President Biden’s 2023 Budget Rejects Marijuana Commercialization

(Alexandria, VA) – Sticking to campaign promises, President Biden’s new budget, released minutes ago, rejected marijuana commercialization in several major ways. It does not extend Justice Department protections to legal marijuana states, meaning federal resources can still be used to enforce marijuana laws. Additionally, the budget does not give the District of Columbia latitude to legalize marijuana sales outright, and the budget allocates significant funds toward dismantling marijuana traffickers on public lands. Finally, the budget sets aside more money for drug prevention than ever before, with a 37% increase from 2022. And funding for the Office of National Drug Control Policy (ONDCP) has been increased. The overall “drug budget” is up $3 billion from the 2022 enacted amount.

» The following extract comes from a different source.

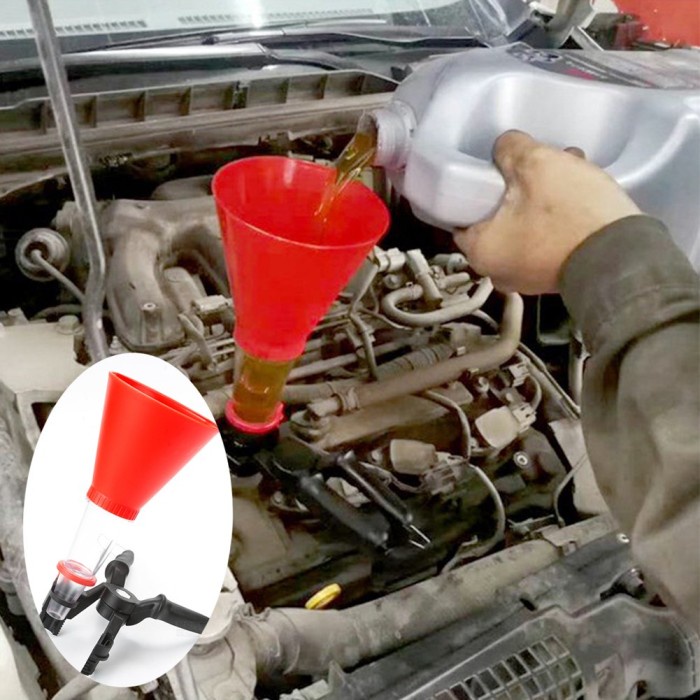 Corong Minyak Oli Mesin Mobil Tang Jepit Adjustable Universal Funnel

“Legalization advocates hoping for an ally in the President will be very disappointed,” said Dr. Kevin Sabet, a former Obama Administration senior advisor and President of Smart Approaches to Marijuana (SAM). “The budget released today does not extend protections for states violating federal laws around marijuana, nor does it give Washington, DC the authority to legalize, something many thought would happen because of the overall Democratic priority for DC autonomy in policy matters generally. We applaud President Biden, ONDCP Director Gupta, and all of the administration officials who pushed out the pot lobbyist influence.”

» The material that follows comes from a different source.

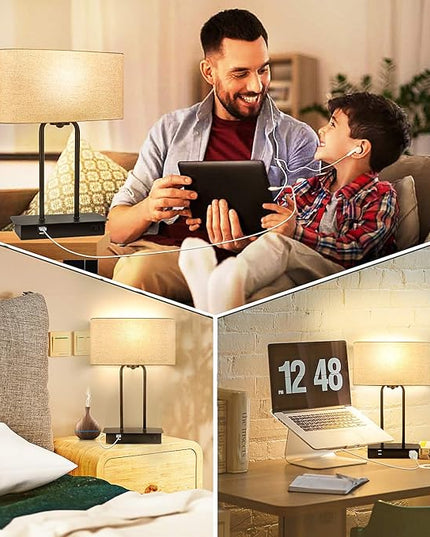 3-Way Dimmable Touch Control Table Lamp with 2 USB Ports and AC Power Outlet Modern Bedside Nightstand Lamp Fabric Shade and Metal Base for Guestroom Bedroom Living Room LED Bulb Included Warm White - LeafyLoom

President Biden has long opposed the legalization of marijuana. While running for President he was one of the only candidates opposed to the idea. Data show voters do not place marijuana legalization as a high priority policy item.

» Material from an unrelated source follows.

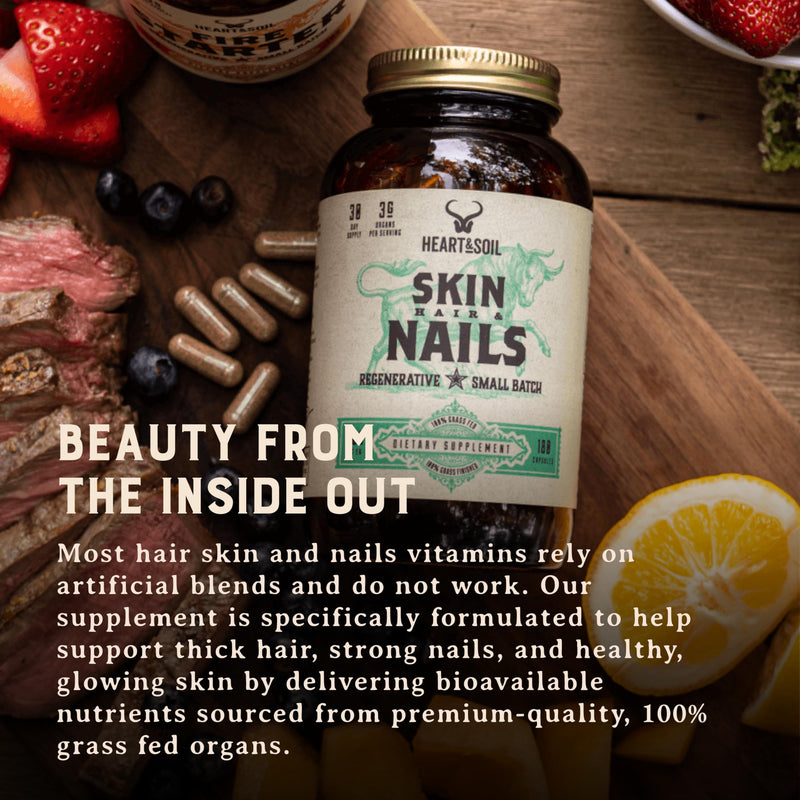 HEART & SOIL Hair Skin & Nails Supplement, 180 Capsules | 100% grass fed & finished from regenerative cattle with cartilage, liver & bone marrow. 3000mg beef organs. Skin, Hair & Nails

“The Administration should also be applauded for reasserting its commitment to the Office of National Drug Control Policy, a vital component in the Executive Office of the President. Through ONDCP’s leadership, prevention dollars are going up higher than ever before, and the Administration has dedicated itself to a balanced drug policy of supply and demand reduction. Though we are still calling for ONDCP’s re-elevation to cabinet status, these are all good signs.”